*What you are asked to do:* Go to the line with "Mercedes AMG's Nico" in the entries below and write out every line from there through the line with "Omer Red Stone", exactly and without pictures.

*Data shown:*
########################################

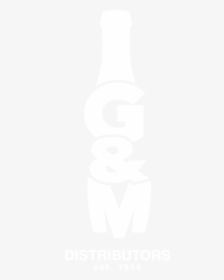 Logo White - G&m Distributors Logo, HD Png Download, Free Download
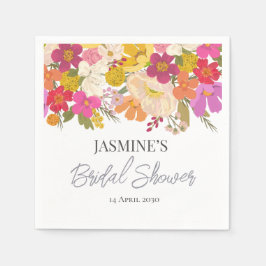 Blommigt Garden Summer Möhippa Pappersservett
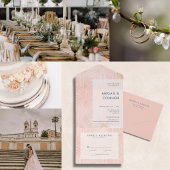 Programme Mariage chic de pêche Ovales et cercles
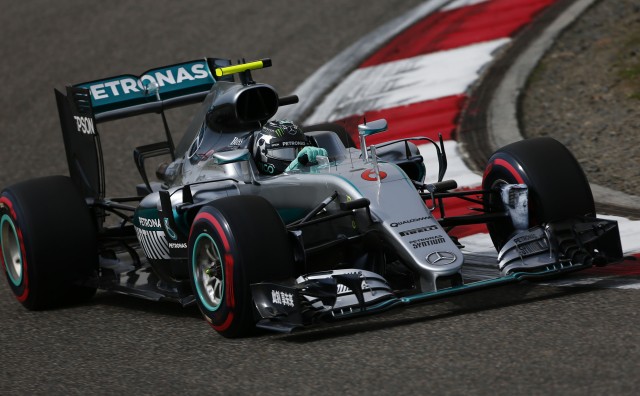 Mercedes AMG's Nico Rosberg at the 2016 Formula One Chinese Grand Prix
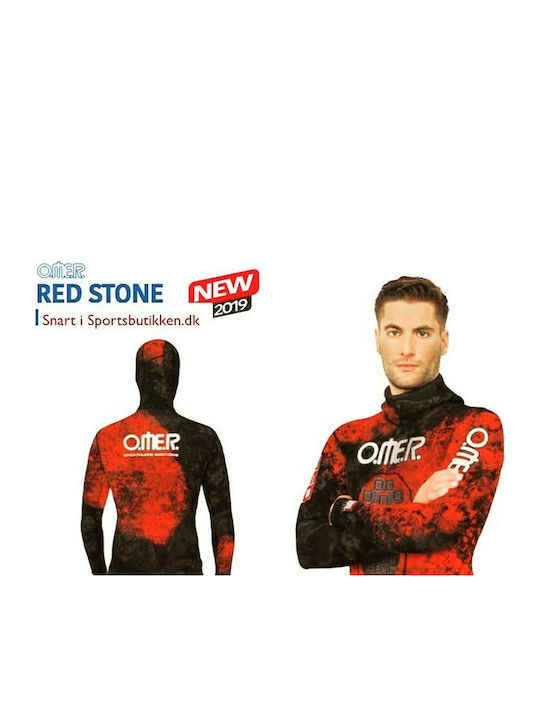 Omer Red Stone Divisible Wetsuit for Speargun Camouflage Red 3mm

########################################

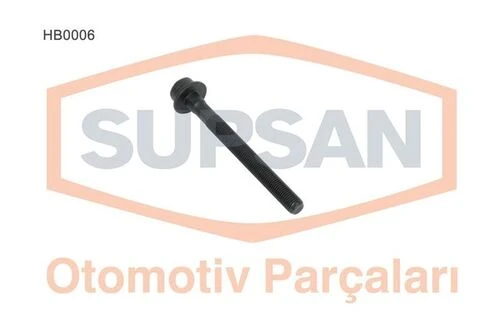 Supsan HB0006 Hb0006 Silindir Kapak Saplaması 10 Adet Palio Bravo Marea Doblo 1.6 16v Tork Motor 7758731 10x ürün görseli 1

########################################

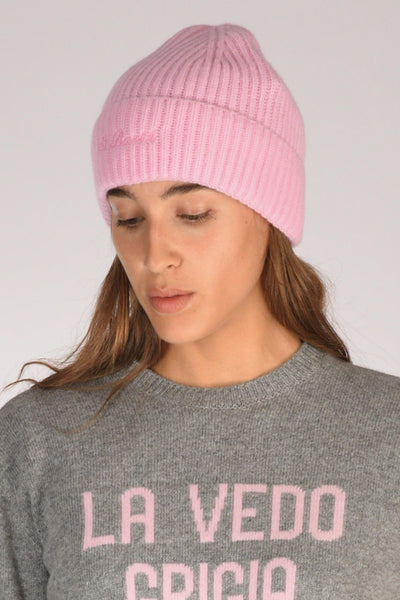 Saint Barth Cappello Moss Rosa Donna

########################################

*Solution for this task:*
 Mercedes AMG's Nico Rosberg at the 2016 Formula One Chinese Grand Prix
 Omer Red Stone Divisible Wetsuit for Speargun Camouflage Red 3mm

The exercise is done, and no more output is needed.